Word for word, copy the entire listing below, but do not carry over any pictures.

> _Material provided_:
◆ ◆ ◆ ◆ ◆ ◆ ◆

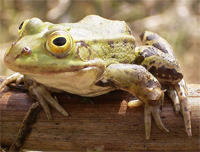 Unterschied zwischen Frosch und einer Kröte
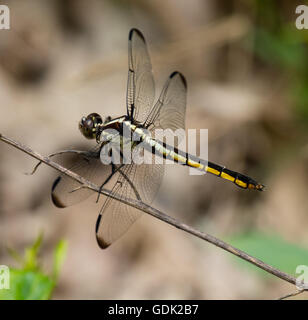 Female Slaty Skimmer (Libellula incesta) Dragonfly resting on a stem Stock Photo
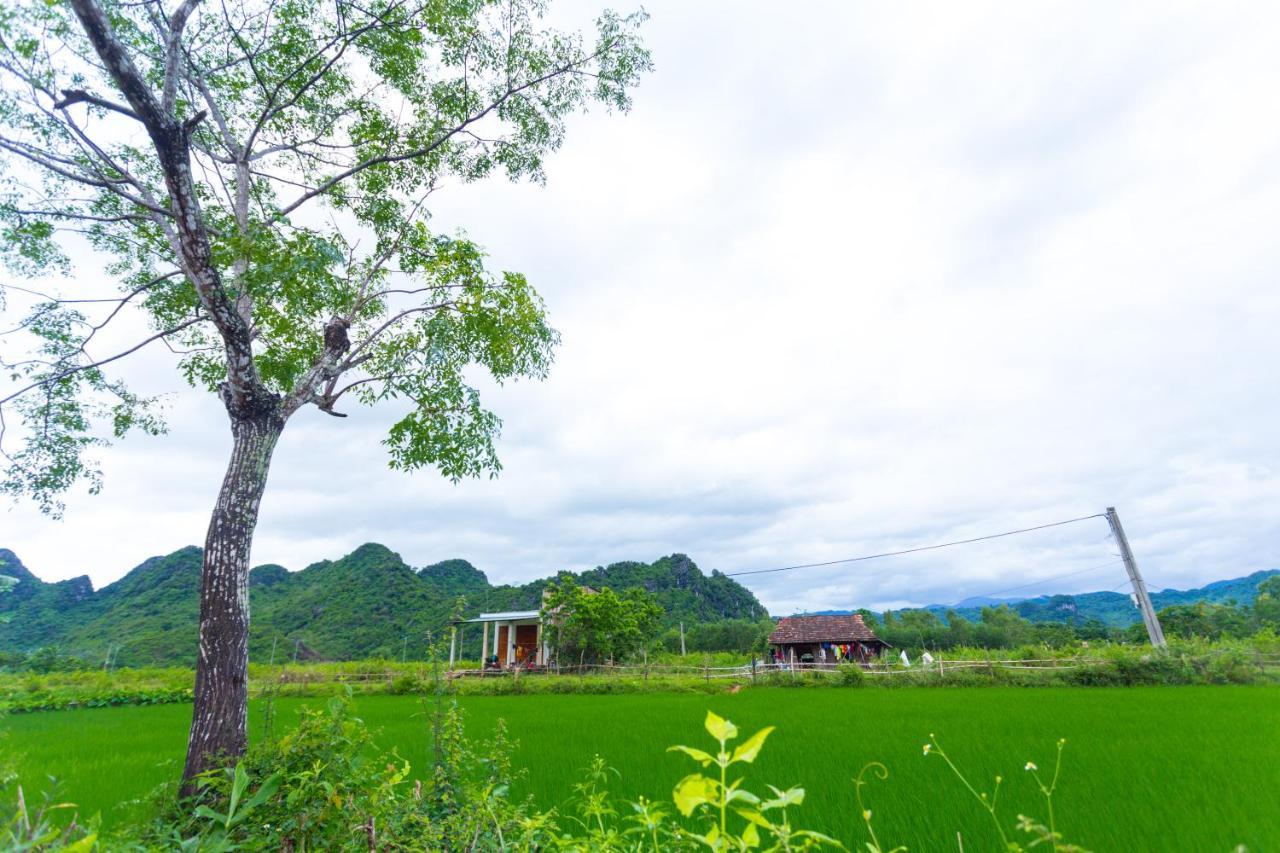 Pomelo Homestay Фонгня Экстерьер фото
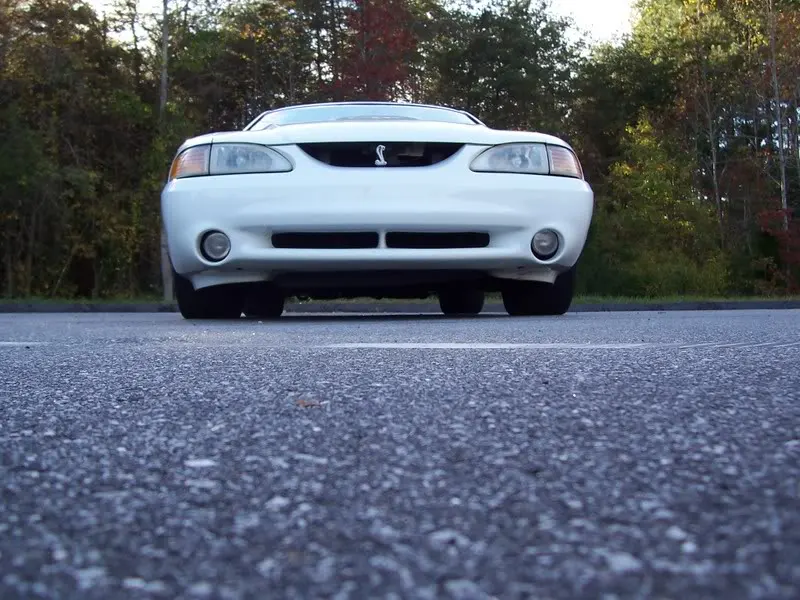 Cobra7.webp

◆ ◆ ◆ ◆ ◆ ◆ ◆

> _Written reply_:
 Unterschied zwischen Frosch und einer Kröte
 Female Slaty Skimmer (Libellula incesta) Dragonfly resting on a stem Stock Photo
 Pomelo Homestay Фонгня Экстерьер фото
 Cobra7.webp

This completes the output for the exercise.